Supplied data section start
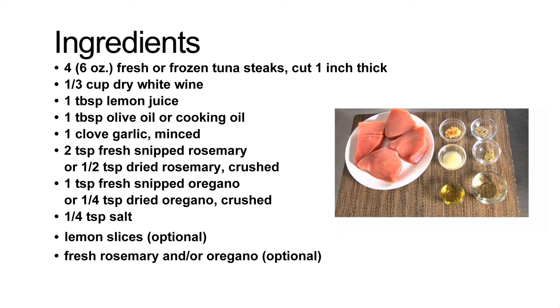What you'll need is four six-ounce fresh or frozen tuna steaks cut one inch thick — we're using fresh tuna steaks today. You'll also need a third of a cup of dry white wine, one tablespoon of lemon juice, one tablespoon of olive oil or cooking oil, one clove of garlic minced, and two teaspoons of fresh snipped rosemary or half a teaspoon of dried rosemary crushed.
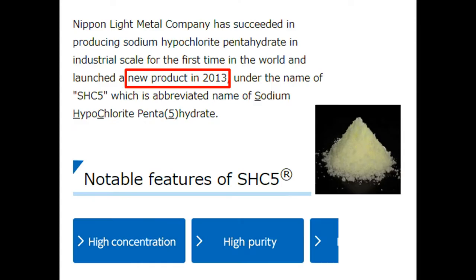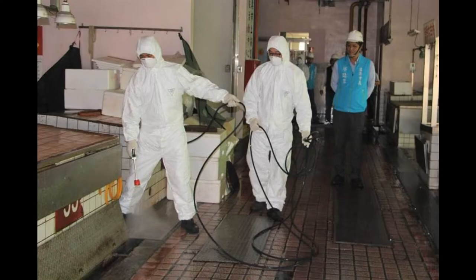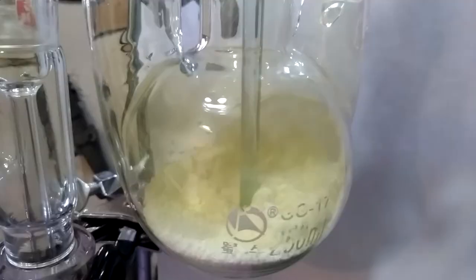It's pretty interesting that hypochlorite was found in the 18th century, yet the crystal form was only industrially available in 2013 — probably because of storage requirements and cost. The pentahydrate has to be kept in the fridge, as it will decompose at room temperature. And for most purposes, sodium hypochlorite doesn't need to be as concentrated as the crystal form; leaving some sodium chloride and sodium hydroxide in the bleach solution is much cheaper.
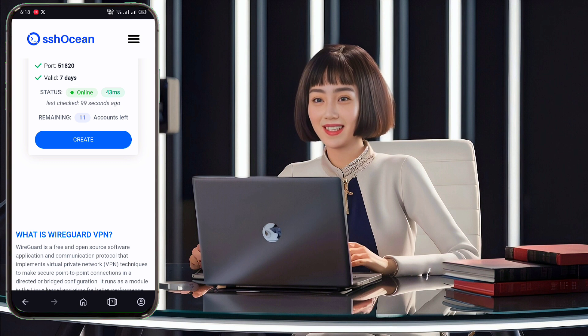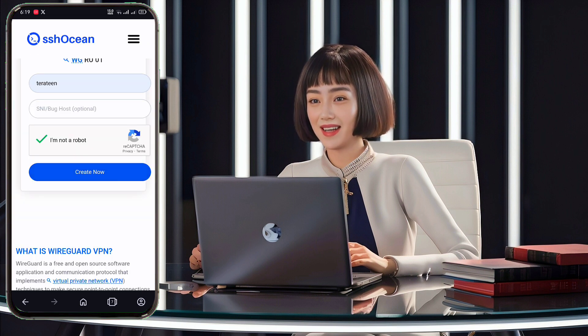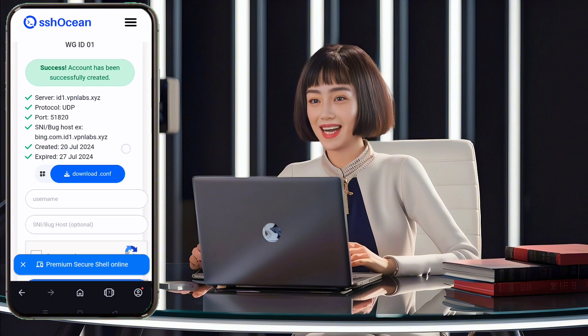Fill in your desired username, complete the reCAPTCHA, and click Create Account. Your account will be created in seconds. Don't forget to download the WireGuard config file for later use.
Supplied data section end
- [Task details]:
Write out all the data exactly, minus pictures.

- [Task response]:
What you'll need is four six-ounce fresh or frozen tuna steaks cut one inch thick — we're using fresh tuna steaks today. You'll also need a third of a cup of dry white wine, one tablespoon of lemon juice, one tablespoon of olive oil or cooking oil, one clove of garlic minced, and two teaspoons of fresh snipped rosemary or half a teaspoon of dried rosemary crushed.
It's pretty interesting that hypochlorite was found in the 18th century, yet the crystal form was only industrially available in 2013 — probably because of storage requirements and cost. The pentahydrate has to be kept in the fridge, as it will decompose at room temperature. And for most purposes, sodium hypochlorite doesn't need to be as concentrated as the crystal form; leaving some sodium chloride and sodium hydroxide in the bleach solution is much cheaper.
Fill in your desired username, complete the reCAPTCHA, and click Create Account. Your account will be created in seconds. Don't forget to download the WireGuard config file for later use.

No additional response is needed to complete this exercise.